On 12/26/2021 1:49 PM, Richard Damon wrote:
> On 12/26/21 2:30 PM, olcott wrote:
>> On 12/26/2021 12:58 PM, Richard Damon wrote:
>>> On 12/26/21 1:26 PM, olcott wrote:
>>>> On 12/26/2021 12:03 PM, Richard Damon wrote:
>>>>> On 12/26/21 12:24 PM, olcott wrote:
>>>>>> On 12/26/2021 11:08 AM, Richard Damon wrote:
>>>>>>> On 12/26/21 9:08 AM, olcott wrote:
>>>>>>>> On 12/26/2021 6:29 AM, Richard Damon wrote:
>>>>>>>>> On 12/25/21 11:28 PM, olcott wrote:
>>>>>>>>>> On 12/25/2021 10:01 PM, Richard Damon wrote:
>>>>>>>>>>> On 12/25/21 10:50 PM, olcott wrote:
>>>>>>>>>>>> The following is the exact Linz Ĥ applied to its own Turing
>>>>>>>>>>>> machine description except that the infinite loop appended
>>>>>>>>>>>> to the Ĥ.qy path has been removed.
>>>>>>>>>>>>
>>>>>>>>>>>> Ḧq0 ⟨Ḧ⟩ ⊢* Ḧ.qx ⟨Ḧ⟩ ⟨Ḧ⟩ ⊢* Ḧ.qy
>>>>>>>>>>>> Ḧq0 ⟨Ḧ⟩ ⊢* Ḧ.qx ⟨Ḧ⟩ ⟨Ḧ⟩ ⊢* Ḧ.qn
>>>>>>>>>>>>
>>>>>>>>>>>> As the Linz text says a copy of the Linz H is at Ḧ.qx above.
>>>>>>>>>>>>
>>>>>>>>>>>> It is known that the UTM simulation of a Turing machine
>>>>>>>>>>>> description is computationally equivalent to the direct
>>>>>>>>>>>> execution of the same machine. This allows the copy of the
>>>>>>>>>>>> Linz H to base its halt status decision on the behavior of
>>>>>>>>>>>> the UTM simulation of its input.
>>>>>>>>>>>>
>>>>>>>>>>>> Ben's notational convention
>>>>>>>>>>>> H.q0 wM w ⊢* H.qy // iff UTM(wM, w) halts
>>>>>>>>>>>> H.q0 wM w ⊢* H.qn // iff UTM(wM, w) does not halt
>>>>>>>>>>>>
>>>>>>>>>>>> The copy of H at Ḧ.qx computes the mapping from ⟨Ḧ⟩ ⟨Ḧ⟩ to
>>>>>>>>>>>> final states Ḧ.qy or Ḧ.qn on the basis of the behavior of
>>>>>>>>>>>> the UTM simulation of these inputs.
>>>>>>>>>>>>
>>>>>>>>>>>> The embedded copy of H performs a UTM simulation of its
>>>>>>>>>>>> input until:
>>>>>>>>>>>> (a) Its input halts on its own, then it transitions to Ḧ.qy.
>>>>>>>>>>>>
>>>>>>>>>>>> (b) It determines that the UTM simulation of its input would
>>>>>>>>>>>> never halt on its own, then it aborts its simulation and
>>>>>>>>>>>> transitions to Ḧ.qn.
>>>>>>>>>>>>
>>>>>>>>>>>> https://www.liarparadox.org/Peter_Linz_HP_315-320.pdf
>>>>>>>>>>>> Linz, Peter 1990. An Introduction to Formal Languages and
>>>>>>>>>>>> Automata. Lexington/Toronto: D. C. Heath and Company. (318-320)
>>>>>>>>>>>>
>>>>>>>>>>>
>>>>>>>>>>> By YOUR description of the algorithm you use for defining
>>>>>>>>>>> your H, if you don't allow H to give a wrong answer, H will
>>>>>>>>>>> just run forever and not answer.
>>>>>>>>>>>
>>>>>>>>>>> By your description of the rules that H uses, H will give the
>>>>>>>>>>> wrong answer and see H^ calling H(<H^>,<H^>) and ASSUME
>>>>>>>>>>> (incorrectly) infintie recursion and still say that H^(<H^>)

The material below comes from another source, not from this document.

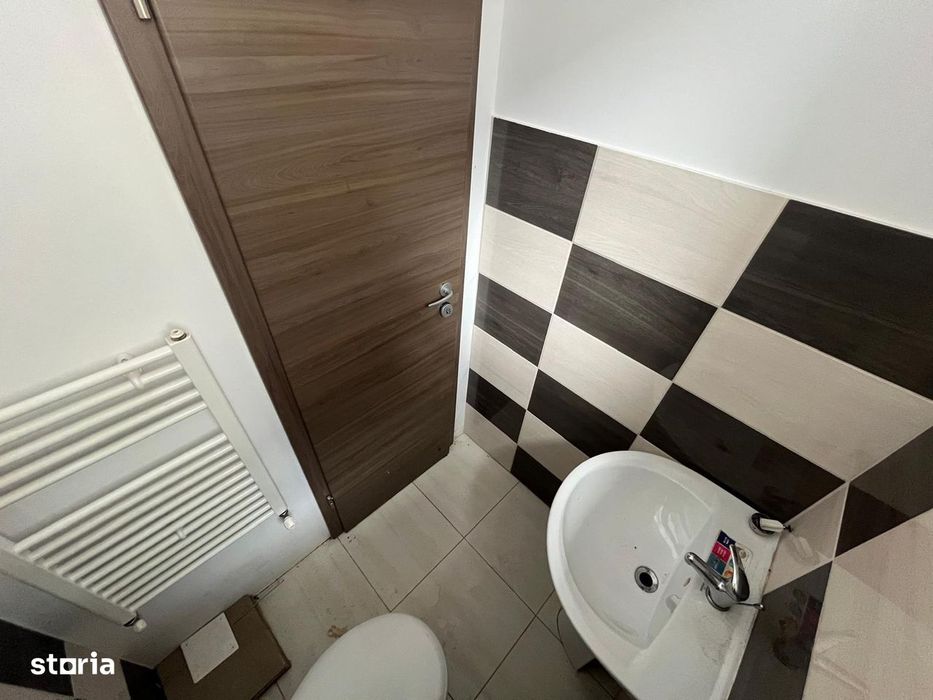 Spațiu comercial parter cu vitrină, central Ocna Sibiului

>>>>>>>>>>> is non-halting even though it WILL halt in all cases where H
>>>>>>>>>>> answers. FAIL.
>>>>>>>>>>>
>>>>>>>>>>> There is no algorithm H that can succeed based on your
>>>>>>>>>>> framework.
>>>>>>>>>>>
>>>>>>>>>>
>>>>>>>>>> This doesn't even have the infinite loop, thus YES or NO is
>>>>>>>>>> the correct answer.
>>>>>>>>>
>>>>>>>>> The problem is that, if H DID get the right answer, it would be
>>>>>>>>> Halting, but the algorithm you have described can't get there,
>>>>>>>>> because H can never simulate a copy of H that needs to simulate
>>>>>>>>> a copy of H ... until some version sees that the copy it is
>>>>>>>>> simulatating finishs and the simulation reachs a Halt state.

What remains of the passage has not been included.